▶ [What the task requires]: Word for word, copy out the entries below, but not the pictures in them.

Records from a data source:
------------------------
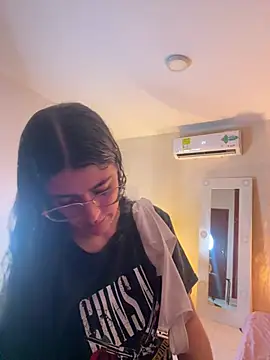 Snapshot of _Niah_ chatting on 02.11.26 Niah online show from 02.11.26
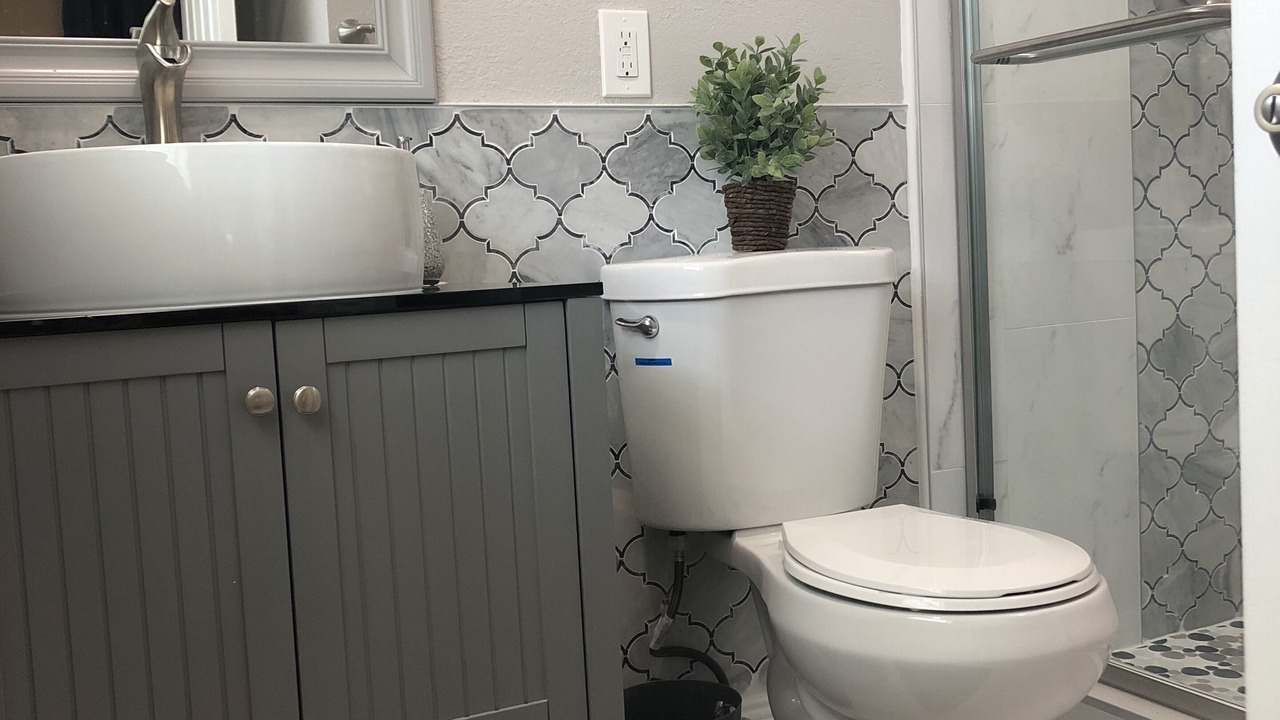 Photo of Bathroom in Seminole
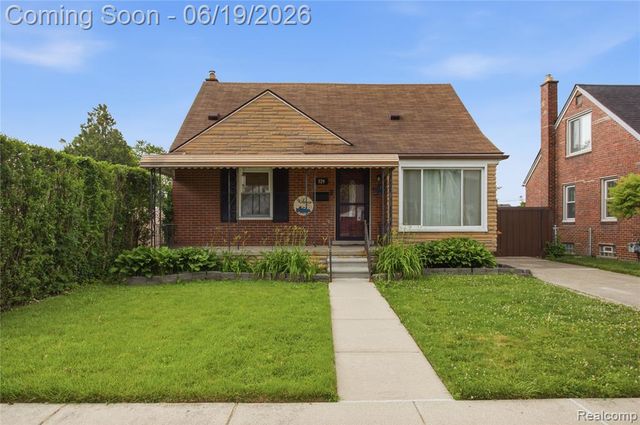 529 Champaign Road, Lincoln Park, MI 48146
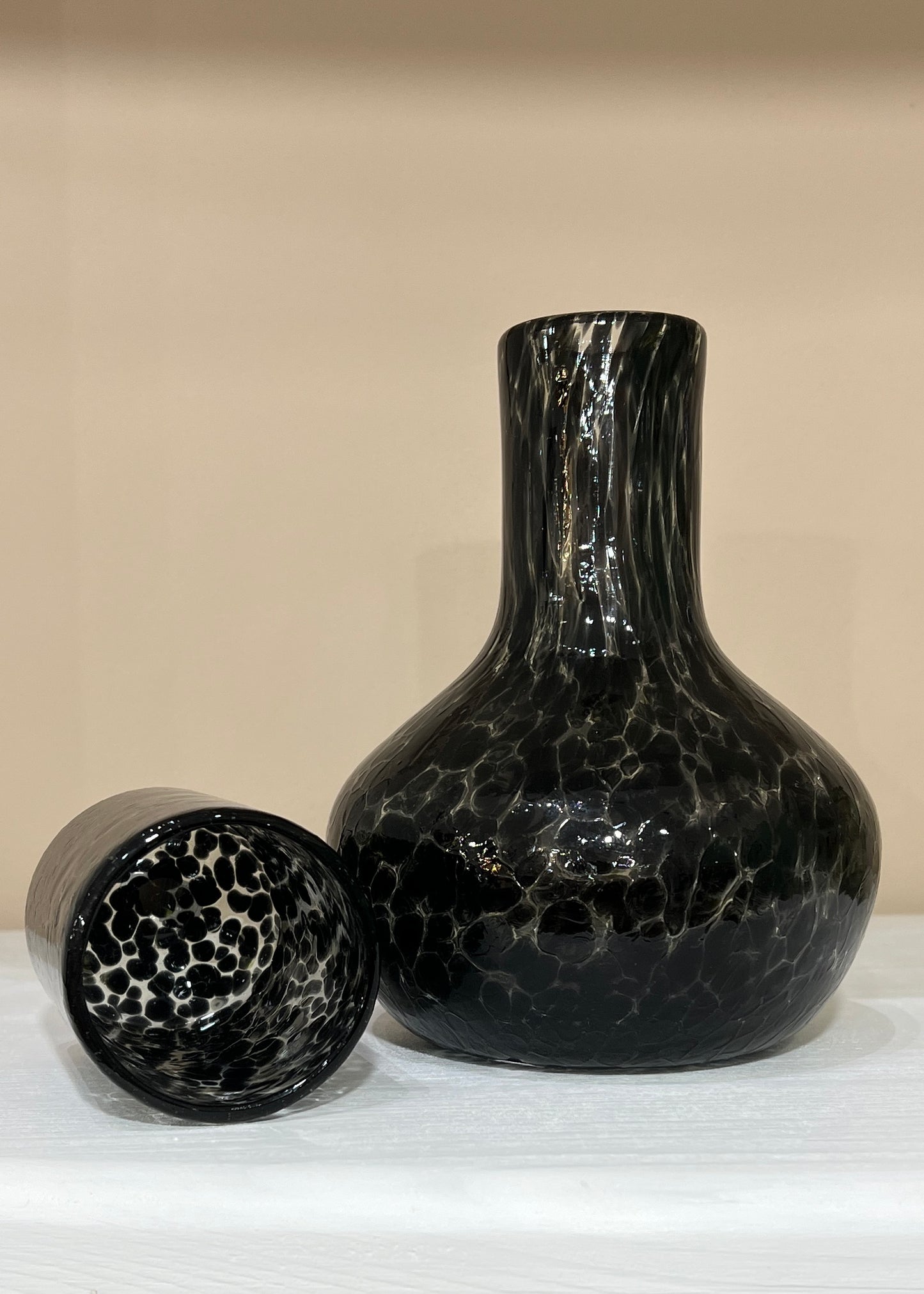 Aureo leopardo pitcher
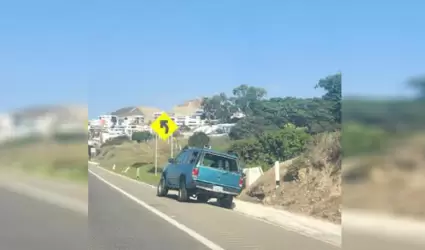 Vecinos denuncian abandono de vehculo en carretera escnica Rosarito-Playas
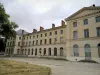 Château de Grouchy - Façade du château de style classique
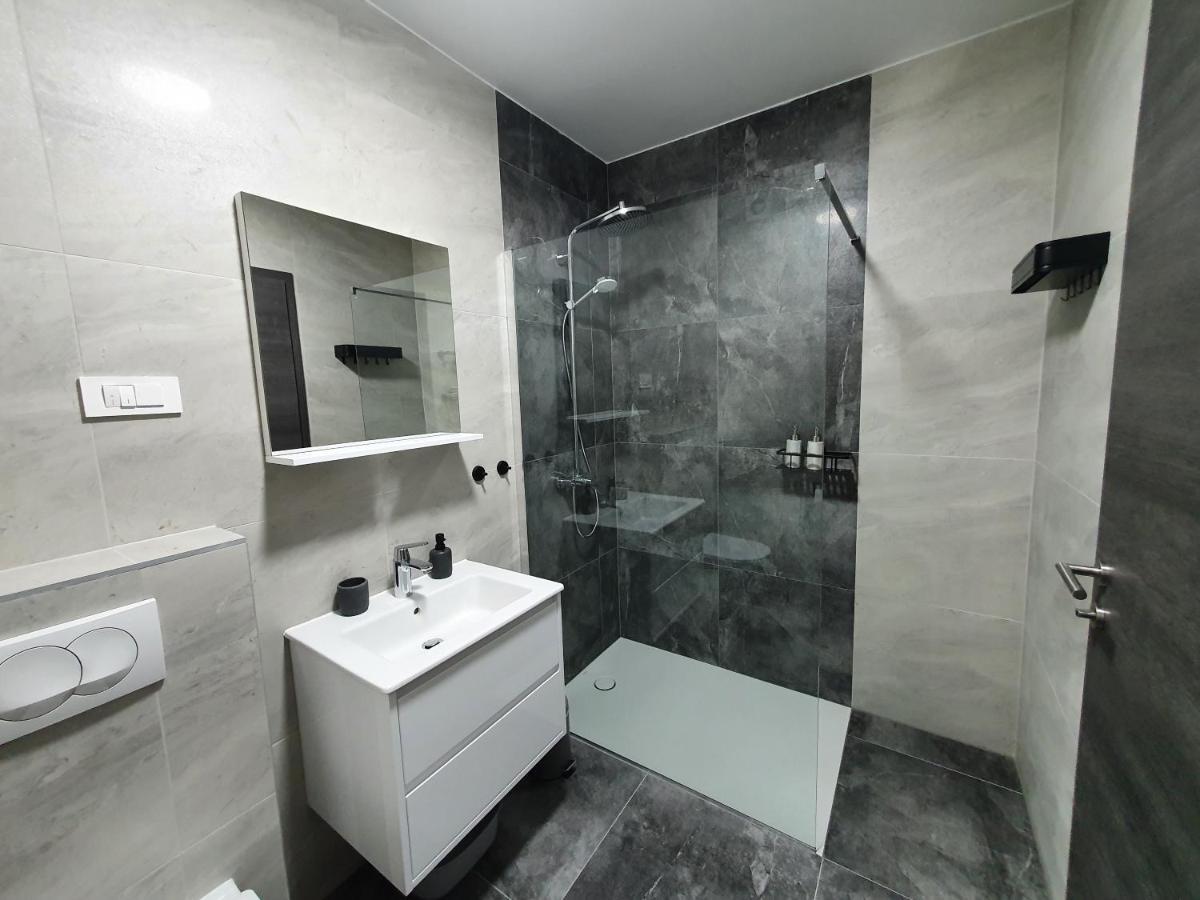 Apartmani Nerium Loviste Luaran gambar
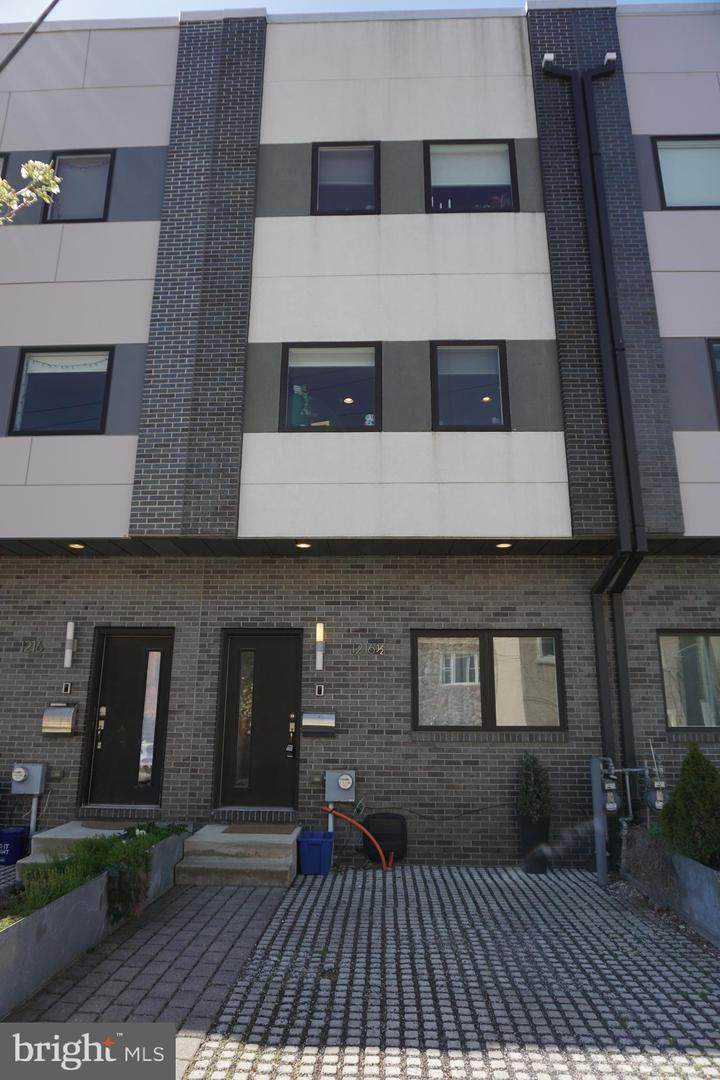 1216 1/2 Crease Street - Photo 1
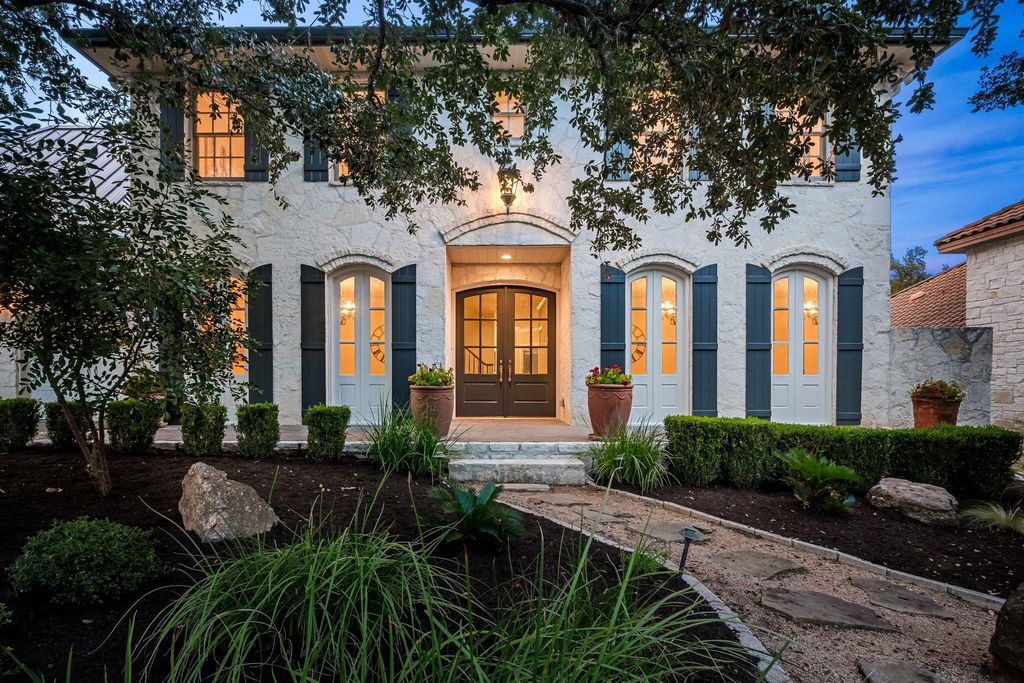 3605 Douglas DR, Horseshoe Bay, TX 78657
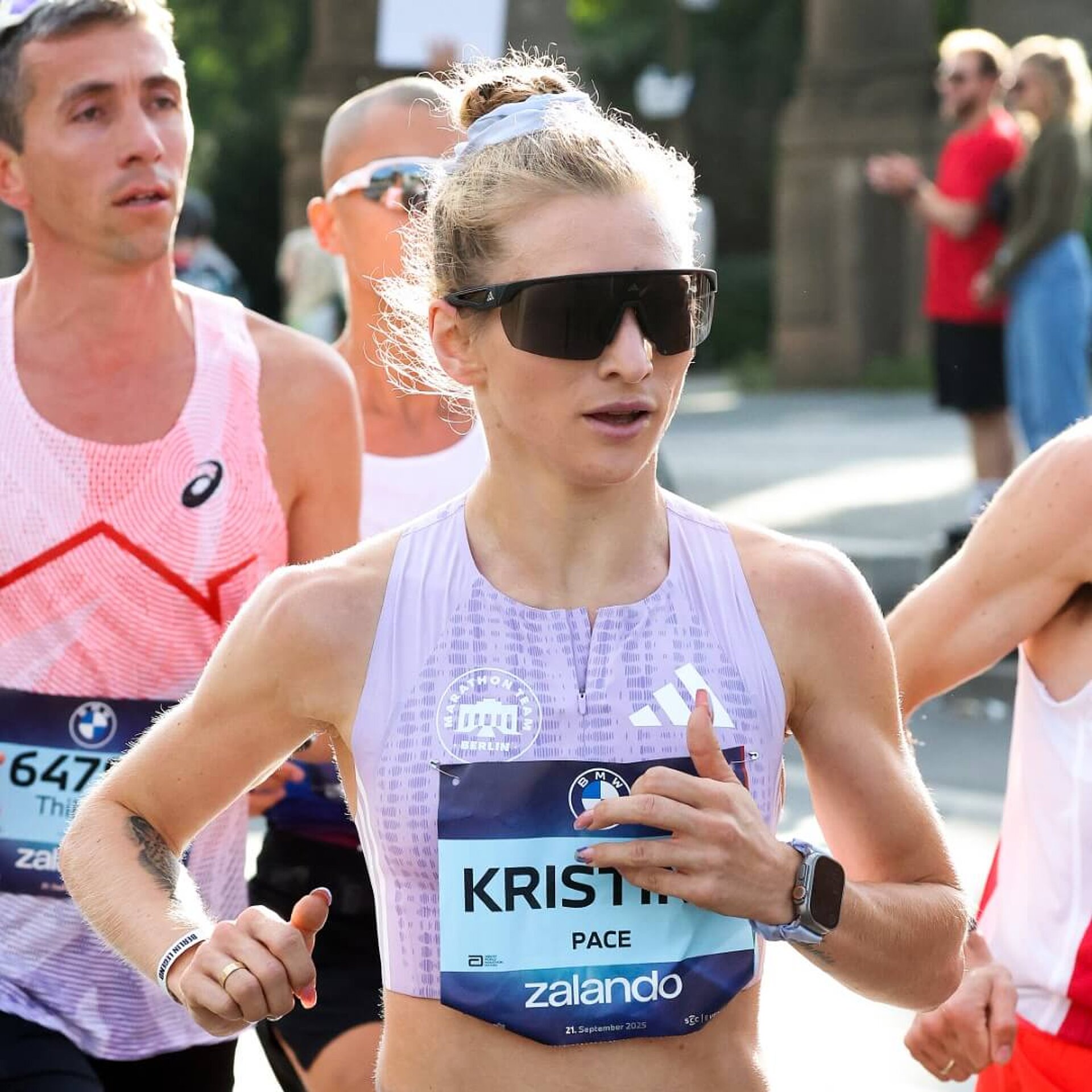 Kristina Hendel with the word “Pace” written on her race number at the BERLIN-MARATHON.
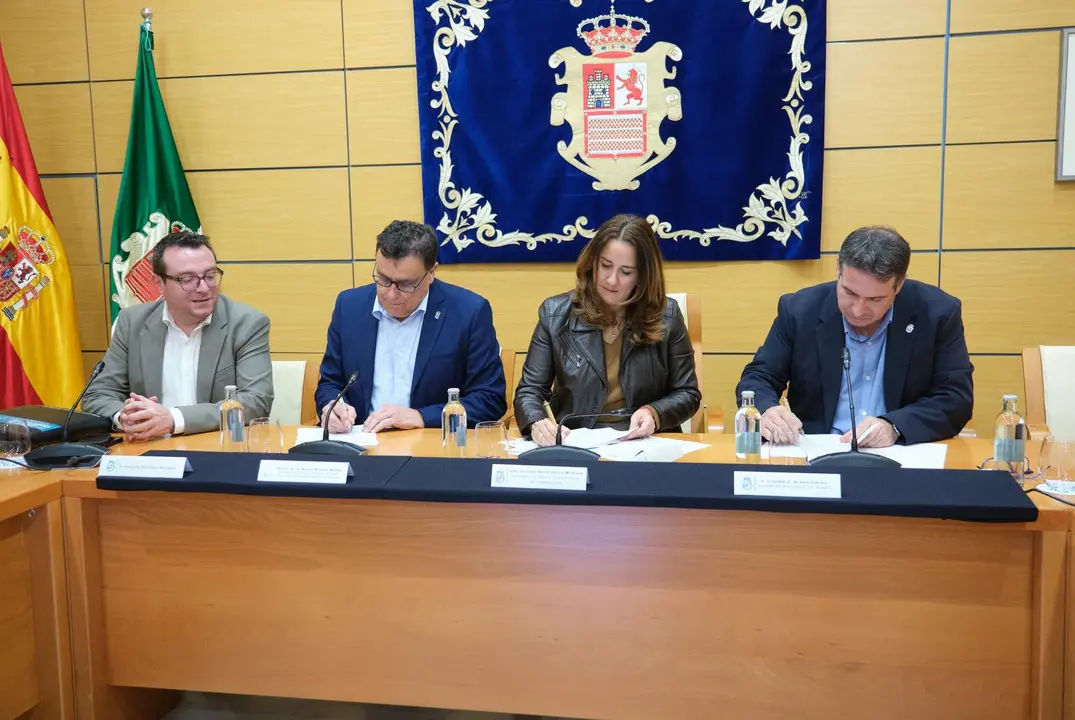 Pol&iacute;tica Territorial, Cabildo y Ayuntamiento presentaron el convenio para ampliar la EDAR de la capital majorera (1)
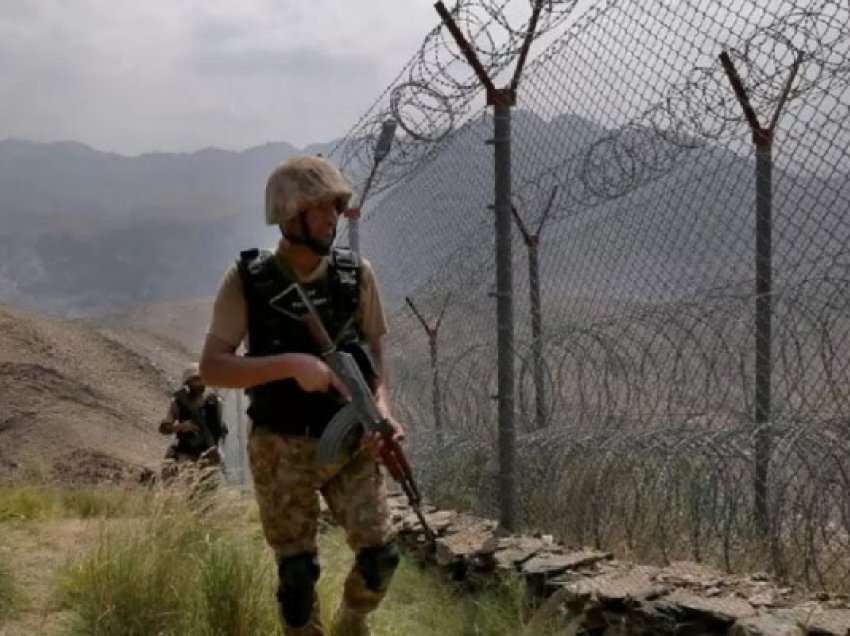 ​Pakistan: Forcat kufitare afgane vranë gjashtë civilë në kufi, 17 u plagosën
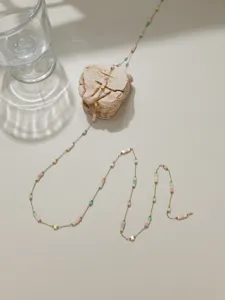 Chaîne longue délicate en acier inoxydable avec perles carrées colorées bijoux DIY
------------------------
▶ [Solution to the problem]:
 Snapshot of _Niah_ chatting on 02.11.26 Niah online show from 02.11.26
 Photo of Bathroom in Seminole
 529 Champaign Road, Lincoln Park, MI 48146
 Aureo leopardo pitcher
 Vecinos denuncian abandono de vehculo en carretera escnica Rosarito-Playas
 Château de Grouchy - Façade du château de style classique
 Apartmani Nerium Loviste Luaran gambar
 1216 1/2 Crease Street - Photo 1
 3605 Douglas DR, Horseshoe Bay, TX 78657
 Kristina Hendel with the word “Pace” written on her race number at the BERLIN-MARATHON.
 Pol&iacute;tica Territorial, Cabildo y Ayuntamiento presentaron el convenio para ampliar la EDAR de la capital majorera (1)
 ​Pakistan: Forcat kufitare afgane vranë gjashtë civilë në kufi, 17 u plagosën
 Chaîne longue délicate en acier inoxydable avec perles carrées colorées bijoux DIY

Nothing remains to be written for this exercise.